Porphyrys was caught cheating early on, but was sufficiently embarrassed by Melastasya spilling a tray of drinks on him that he was not ejected from the game. Traithe managed the table masterfully, arranging for Folbre and Eberhard to win the first several hands and considerably raising the stakes, such that Porphyrys was forced to wager the deed for part of his family’s lands to stay in the game, causing everyone else to offer up deeds as part of the wager as well. Traithe attempted to rig the last hand in Markos’s favor, but that plan failed when Markos, strangely, asked for a completely new draw. By shear luck, the stone-faced boy won anyways, gaining possession of . . . the priory of St. Conrath of the Woods, a Tyrran parochial holding near Melvaunt, wagered by the Bishop. The priory lands include some fairly profitable sheep farms, but the priory itself has had issues attracting new novices and had fallen into disrepair and is mostly unused.
The party continued to shmooze for some time after the game wound down. They learned that Folbre was rather openly gay and that apparently he and Markos had a thing going on occasion. From Elissa they learned that her terms for marriage basically boiled down to getting out from under Eberhard’s thumb and gaining full possession of her family’s rightful seat on the Council—a thing that would require a change of the current laws which forbid women from sitting on the council. Markos tentatively agreed, assuming they could find a way to rewrite the inheritance laws so that he would not lose his seat to his older sister.
The party began angling for how to create a voting coalition to get such a thing passed. The Council seemed pretty split, with three young ones and three old, with the Bishop holding a non-voting seat to avoid creating a tie condition (also since Tyr’s priests are supposed to enforce the laws that exist, not change them).
Grimnir rises early and heads into town to attend the closed council session. Councilman Porphyrys puts forward the Bill of Attainder, which passes four to one, with only Chief Councilman Eberhard voting against. Markos immediately puts forward the homosexual agenda, and Grimnir rushes off to make sure Elissa is present to exercise her rights to vote. The latter bill comes to a tie vote—with Eberhard, Cadorna, and Bivant voting against—pushing Bishop Braccio to make the tie-braking vote…in favor.
later still...
Kevorkian slipped out after the Councilman and took off, following the Bishop. Bishop Braccio for his part, made his way directly to his chambers in the nearby Temple of Tyr’s Waiting, poured himself a glass of brandy and collapsed onto his bed. Kevorkian noted that the Bishop looked old and worn out, clearly tired just from hauling his bulk to the Council Hall and back. A boy acolyte helped the Bishop out of his shoes and started giving him a foot message, at which point Kevorkian backed out of the door and ran.

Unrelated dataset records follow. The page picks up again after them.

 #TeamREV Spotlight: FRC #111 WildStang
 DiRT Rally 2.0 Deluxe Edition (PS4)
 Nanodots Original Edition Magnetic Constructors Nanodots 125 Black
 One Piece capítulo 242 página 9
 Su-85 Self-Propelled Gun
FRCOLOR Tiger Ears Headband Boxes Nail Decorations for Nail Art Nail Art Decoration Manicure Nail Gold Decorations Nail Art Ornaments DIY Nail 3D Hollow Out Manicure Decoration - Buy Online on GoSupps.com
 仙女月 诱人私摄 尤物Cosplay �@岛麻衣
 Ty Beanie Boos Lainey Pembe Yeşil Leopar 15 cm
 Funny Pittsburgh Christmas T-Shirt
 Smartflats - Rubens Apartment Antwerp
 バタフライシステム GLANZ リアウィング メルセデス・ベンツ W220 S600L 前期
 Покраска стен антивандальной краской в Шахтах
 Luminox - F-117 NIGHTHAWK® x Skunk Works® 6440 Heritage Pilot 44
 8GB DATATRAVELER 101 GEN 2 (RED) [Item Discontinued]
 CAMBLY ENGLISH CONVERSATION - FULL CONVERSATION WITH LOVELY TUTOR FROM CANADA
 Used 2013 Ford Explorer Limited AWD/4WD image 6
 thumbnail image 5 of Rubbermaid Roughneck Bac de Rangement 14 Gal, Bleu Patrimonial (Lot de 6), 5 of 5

These many in-game examples just hint at the fundamental Tyrran theology in this setting. If "Tyr is the Law and the Law is Tyr", then the laws of the church and the laws of the state are the same. Church-law, then, is completely fluid, changing from jurisdiction to jurisdiction, state to state, and time to time. Any change made to the local laws must be reflected in the priesthood. If homosexuality is made legal, then someone in the church is bound to adopt that lifestyle. If drinking is prohibited, then no Tyrran will touch alcohol. If torture is legal, then the priests and paladins of Tyr will take full advantage of that tool when hunting down evil-doers.

In places where morality is legislated, priests of Tyr will behave in a moral manner ... and in places where morality is not legislated, the Paladins are just as flawed as everyone else.